***** Input *****

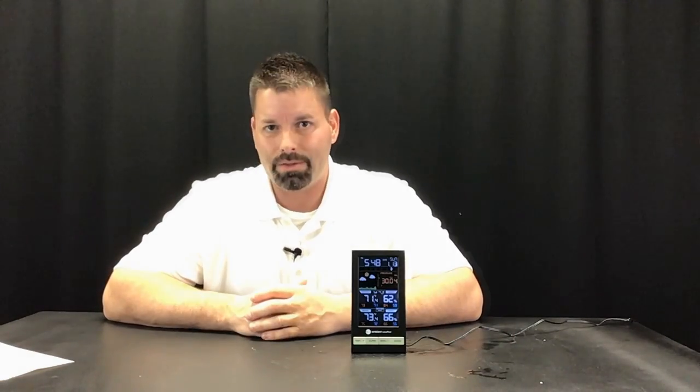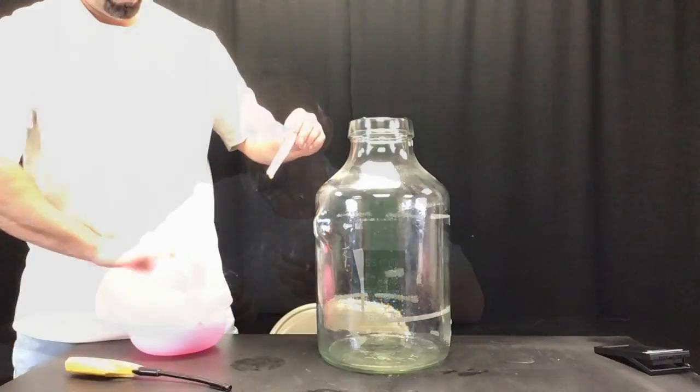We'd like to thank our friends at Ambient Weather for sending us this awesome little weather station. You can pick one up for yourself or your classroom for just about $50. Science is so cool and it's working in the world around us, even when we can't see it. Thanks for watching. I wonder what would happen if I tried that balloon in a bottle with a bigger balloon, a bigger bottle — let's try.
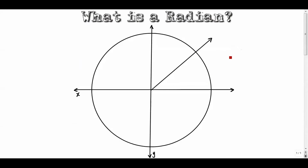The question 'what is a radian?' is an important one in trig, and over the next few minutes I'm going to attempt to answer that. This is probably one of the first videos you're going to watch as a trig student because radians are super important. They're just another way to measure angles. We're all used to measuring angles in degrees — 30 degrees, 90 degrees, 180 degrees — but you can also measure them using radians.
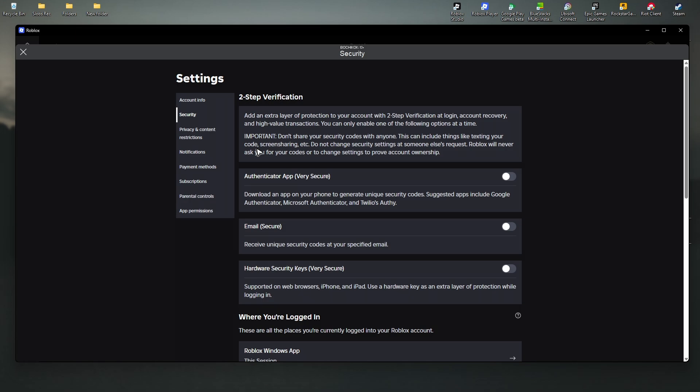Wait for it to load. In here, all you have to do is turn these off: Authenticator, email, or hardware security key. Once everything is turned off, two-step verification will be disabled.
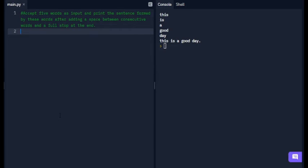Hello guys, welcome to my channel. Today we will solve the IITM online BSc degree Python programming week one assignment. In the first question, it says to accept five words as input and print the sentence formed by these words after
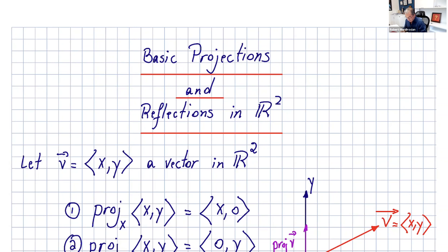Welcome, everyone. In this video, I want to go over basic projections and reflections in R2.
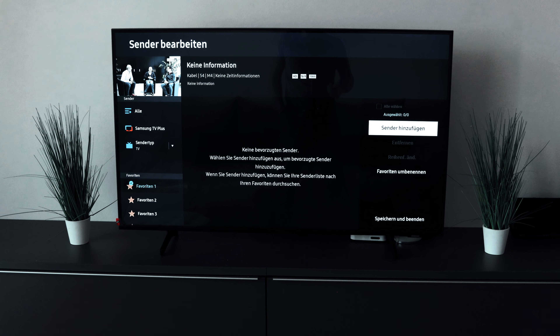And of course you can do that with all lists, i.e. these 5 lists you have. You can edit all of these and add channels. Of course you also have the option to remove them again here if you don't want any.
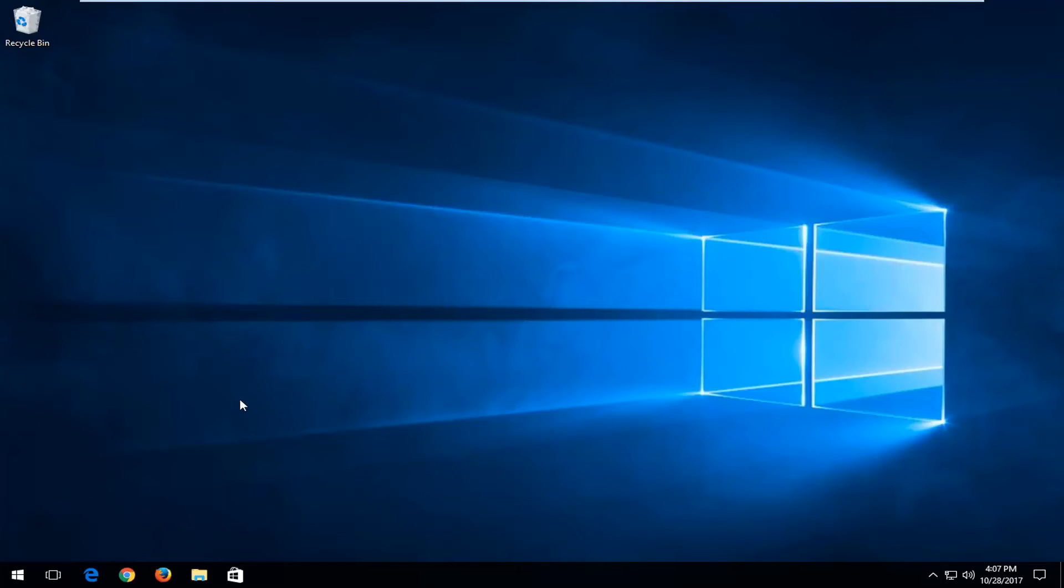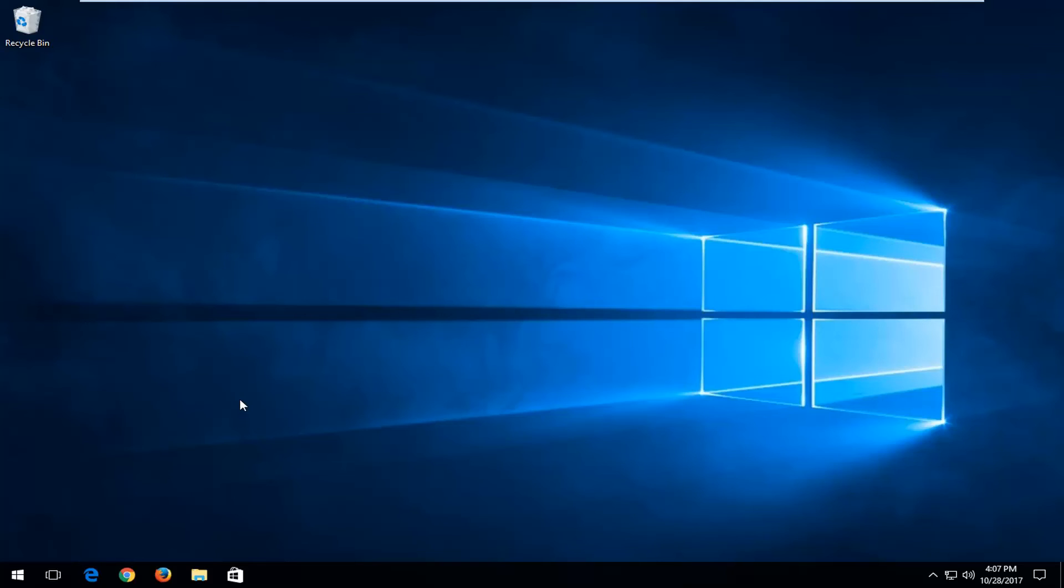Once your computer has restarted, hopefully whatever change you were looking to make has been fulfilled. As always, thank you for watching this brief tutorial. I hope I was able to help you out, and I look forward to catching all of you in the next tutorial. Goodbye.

*****

### Assignment
Copy exactly the lines that run from the line containing "And of course" to the end of the data, keeping both end lines and dropping every picture.

### Your response
And of course you can do that with all lists, i.e. these 5 lists you have. You can edit all of these and add channels. Of course you also have the option to remove them again here if you don't want any.
Once your computer has restarted, hopefully whatever change you were looking to make has been fulfilled. As always, thank you for watching this brief tutorial. I hope I was able to help you out, and I look forward to catching all of you in the next tutorial. Goodbye.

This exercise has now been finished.